I actually began to tell him, saying, “I have a wife and children-”
“I know. On the isle they call the Lizard, or Lizard Island.”
I suppose I must have gaped.
“You’ve been answering questions for me, so I’ll answer that one for you. When I was on your boat, the siren who was with you said you’d spoken to people on another one. Do you remember that?”
“A siren?” I was bewildered, and in no condition to think. “Do you mean Seawrack?”
“If we accept that name as hers.”
“She’s very good-looking.” I tried to swallow, although my mouth was drier than the palms of my hands. “But she’s not a-a seductress. She’s still very young.”
He smiled. Until then I had forgotten that they could. “Let’s forget I used that word. The young lady with you said you had spoke to another boat.”
“You can’t have learned about us just from that.”
“Certainly I could have. I did. I found the boat, which wasn’t very far from yours, and talked to the men on it. They thought I was one of you, naturally, and I gave them valuable information, which I made up. In return, they told me your name and your wife’s and where you were going, which was the chief thing I wanted to know. There aren’t many towns where a man might be named Horn. I went to New Viron, which was the closest. We can fly, you know, a whole lot faster than your little boat can sail. I made more inquiries there, and I had no trouble at all.”
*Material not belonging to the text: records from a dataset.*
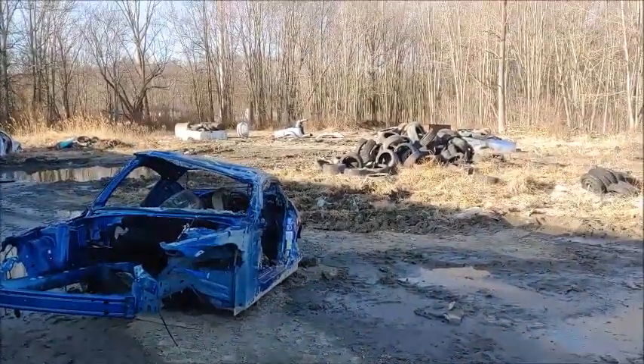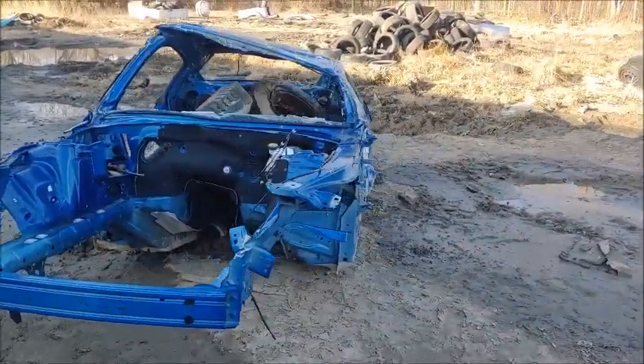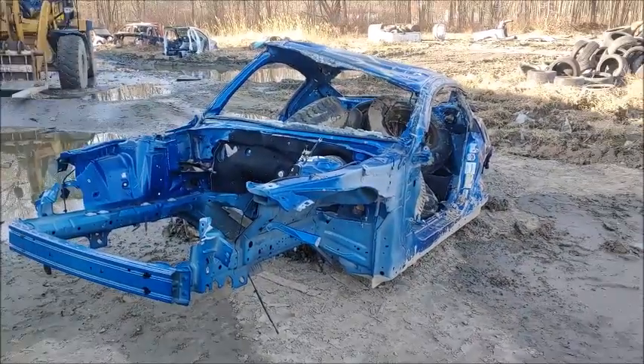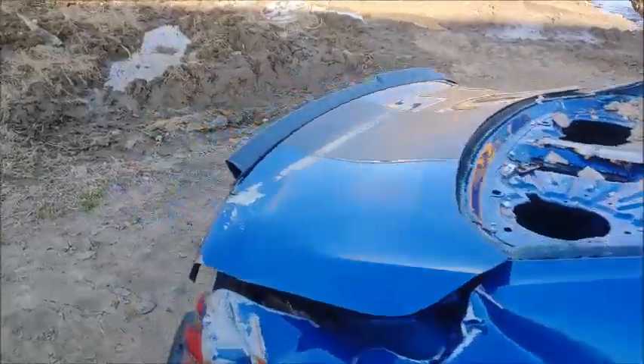Hello folks, coming to you from Cleveland Power and Performance here in Columbia Station, Ohio. And you can't save them all — that's right. In front of me we have ourselves a 2018 Roush Mustang. This thing's shelled out and it's time for her to go on to her next life. We got to do a little compacting here, make a little room in the yard. We got all the parts that we needed out of her.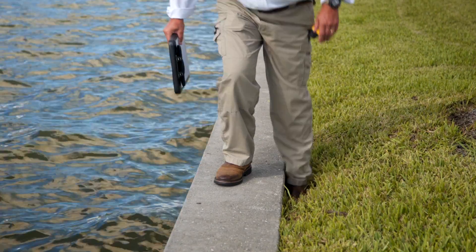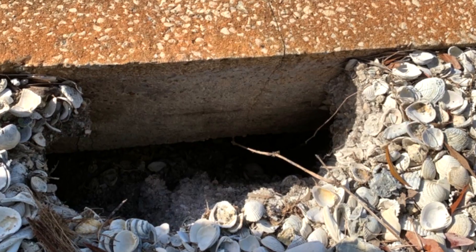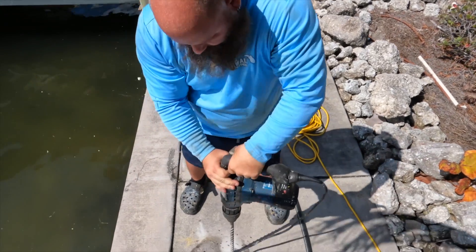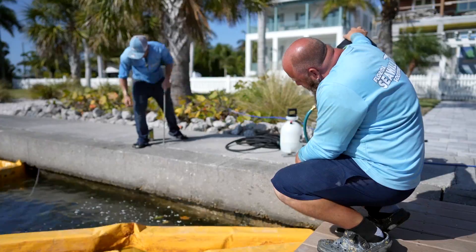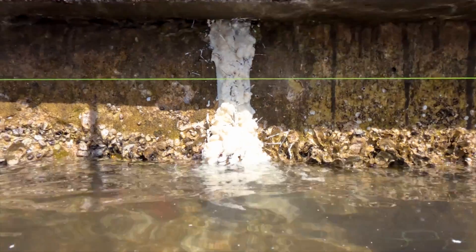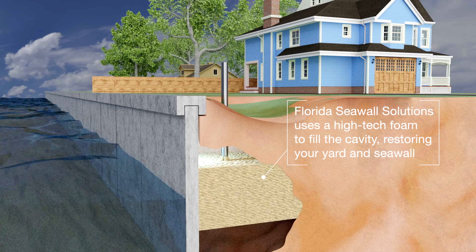Most people are calling us because there are potholes behind their wall because the soil is just that unstable. The way we fix the potholes and voids that are behind the wall is we use a one-part polyurethane resin and we inject that on the land side at each individual panel seam, sealing that wall up all the way from the mud line or berm all the way up to the cap.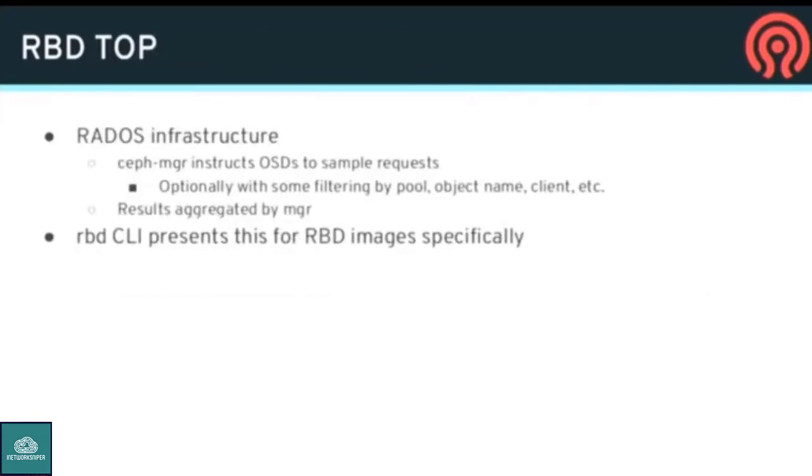Another new feature we're pretty excited about is RBD top, an oft-asked-for feature. There's a bunch of new RADOS infrastructure where the manager daemon tells all OSDs to start sampling their request streams — either all of them or restricted by pool or object prefix — and report that information back to the manager. So we have a cluster-wide view of what IO is happening. There's an RBD CLI that uses that service to subscribe to IO for RBD images and tell you what the most active images are and how much IO they're doing. I'm mostly excited about the RADOS infrastructure — you can tell what the top clients are and who's using up all your bandwidth.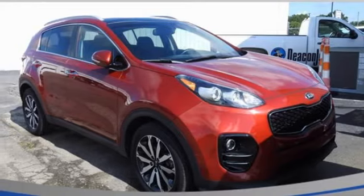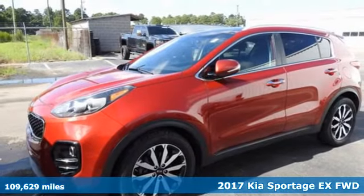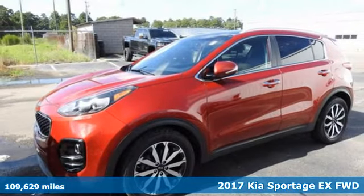It's a 2017 Kia Sportage. If you're going to be a city dweller, you might as well be an urban adventurer in this Sportage.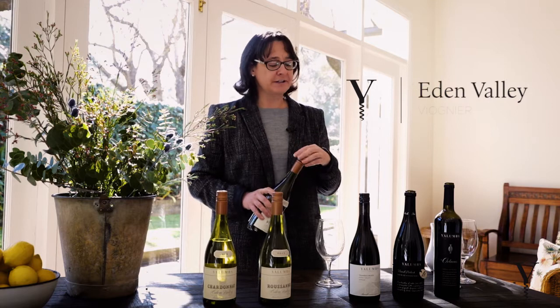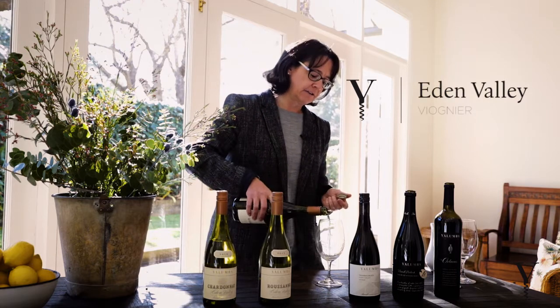We love Viognier. It's such a beautifully flavoured wine. It's got so much character, so much texture, so many flavours and it is such a versatile variety, particularly with food.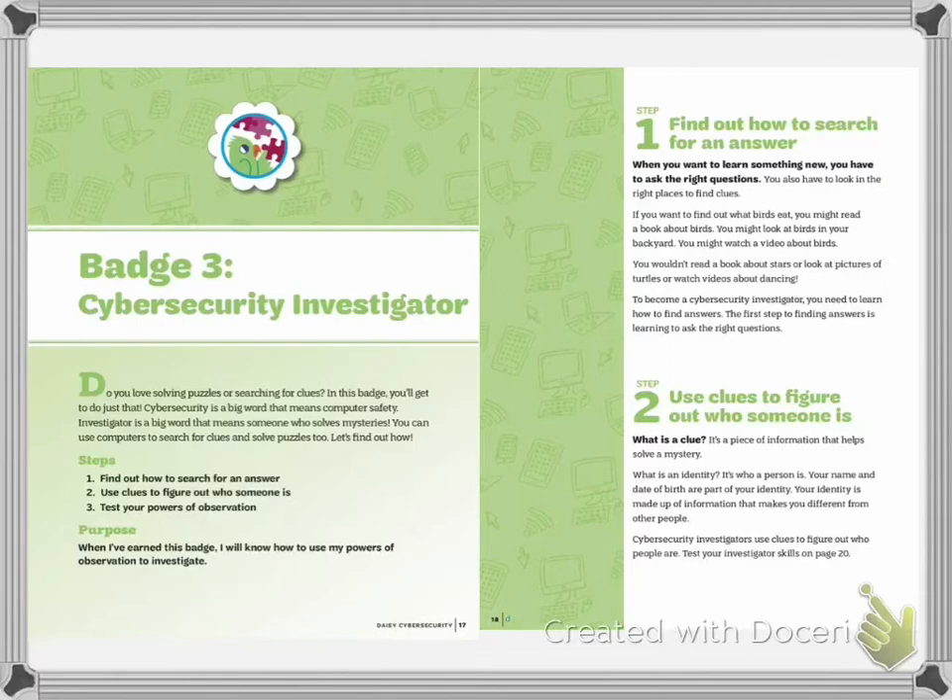This badge is going to talk about how to safely investigate or search things. Computers are amazing tools and search engines allow us to pretty much have the world's information and technology at our fingertips. So we can ask a question and find an answer. But while searching for that answer, we want to be cyber safe and we don't want to stumble into places or websites or digital applications that might be unsafe for us. So we're going to talk a little bit about that and being good smart decoders.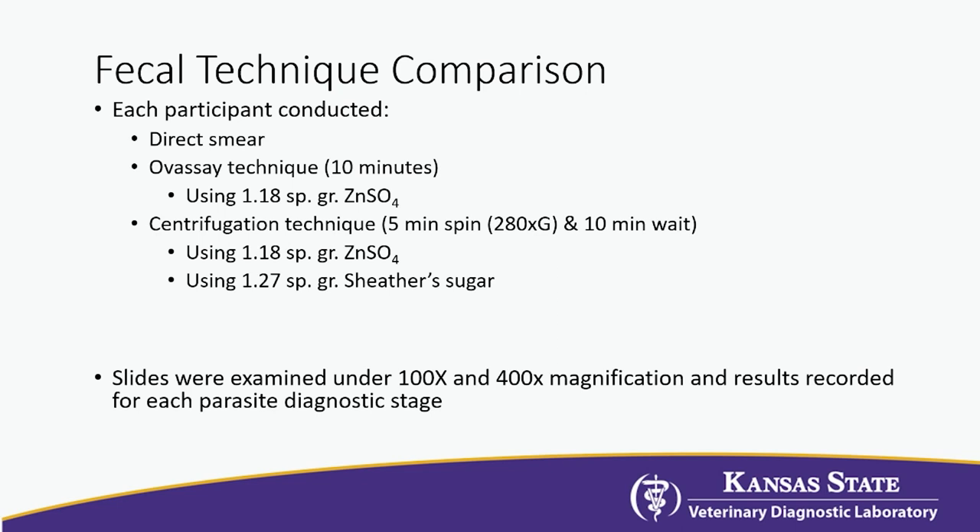We know from projects done with our students, veterinarians, and technicians that passive flotation is insensitive. In this data, each participant did fecal techniques on a composite sample with a non-standardized amount of hookworms, roundworms, and whipworms. They did a direct smear, a passive technique, a centrifugation with a low specific gravity solution, and a fecal with a high specific gravity solution. We're simply asking: did you find the parasite? Yes or no.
If my face was not grim at that moment, it lied; I was very close to trying to snatch my slug gun from him and kill him. “Did you harm my family?”
“No. I flew over your island and had a look at your house and your paper mill. I’m curious at times, like anybody else. I saw a woman there, standing on the beach and looking out to sea, an older and somewhat plainer woman than the new wife on your boat. I didn’t harm her, and I don’t think she saw me. Is that sufficient?”
I nodded.
“Fine. Take this back, will you?” He passed me my slug gun. “I can’t use it and you can, so you’d better have it.”
Numbly, I accepted it and pushed up the safety.
“You aren’t going to shoot me?” He raised his hands in a gesture of mock surrender.
“No. No, I’m not.”
“You’re remembering something. I sense it. Want to tell me what it is?”
“Nothing to the point.” My head ached, and the hope that had given me new life for a minute or two had guttered out. Should I put the muzzle into my mouth? That might be the best way.
“Tell me, please.”
Perhaps it was the shock of hearing one of these monsters say please; whatever the reason, I did. “I was recalling what a woman named Chenille once told Nettle about a man, a starving convict, named Gelada. He was in the tunnels. There are horrible tunnels running underground all through the Long Sun Whorl, where I used to live.”
“Gelada was in them,” the inhumu prompted me.
“He wanted to escape. Anybody would. He had a bow, but Auk, the man who was with Chenille, said he wouldn’t shoot them, because they were Gelada’s only chance. Without them, he would never get out.”